A Hunger Suite
Happy Days is here again!
In their third show of 2012 Clockfire Theatre presents the dilemma of the creative artist confronted by distraction. Volumes of distraction are ever present around us and can be fatal to the development of new creative work. This brief performance of a highly creative new work-in-progress puts the audience in the artist’s seat then assaults us with a cacophony of ‘musical’ noises from the ‘maestro’, generated by whacking various tins and cans and even running a saw over the rim of a metal drum, plus a veritable tsunami of verbal instructions and mild abuse from the two clowns. It would be really hard to concentrate if we were trying to write this play whilst we were watching it.
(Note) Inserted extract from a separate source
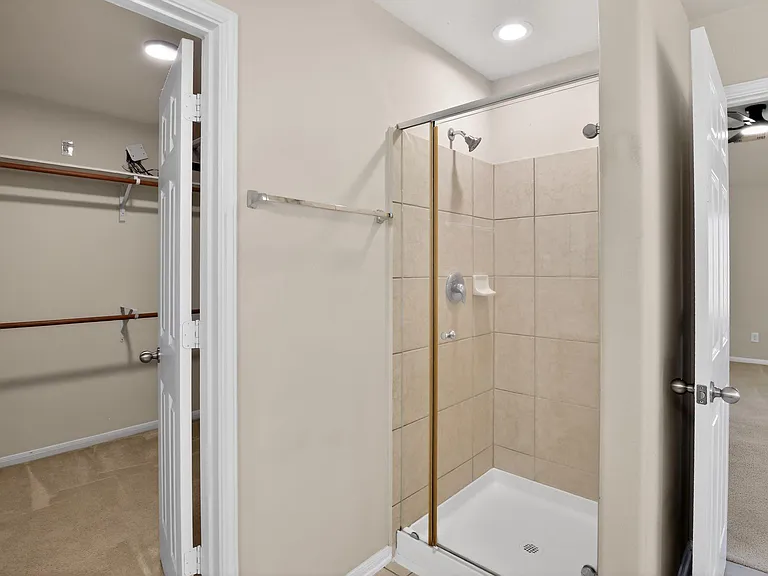 4938 Yearling Ridge Ct — Photo 16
We feel like we’re losing our heads. Then she does! One of the two actors assailing us (us being the audience as artist), has her head locked in a cage. Her brain is trapped. Then her head is detached, so we join her in an out-of-body experience when her head now sits upon a pile of hay. This scene is reminiscent of Winnie buried in the mound of sand in Beckett’s Happy Days. In fact, even though this work is loosely based upon a Kafka short story, it in fact has heavy overtones of Samuel Beckett. A confusion of words tumble forth from the two clown-like figures confronting us. They are the sirens of sloth, who challenge us, tempt us, attempt to feed us, confuse us, and then abandon us for a headless abandon of their own.
The ideas Beckett works with needed revisiting and all we’ve really seen of Beckett lately is Waiting for Godot. He did so much more than that. So having Clockfire explore Beckett’s creative delta is a wonderful experience. A standout was Alicia Gonzalez as the hitty hitty bang bang Maestro, who is a joy to see and hear. Highly recommend.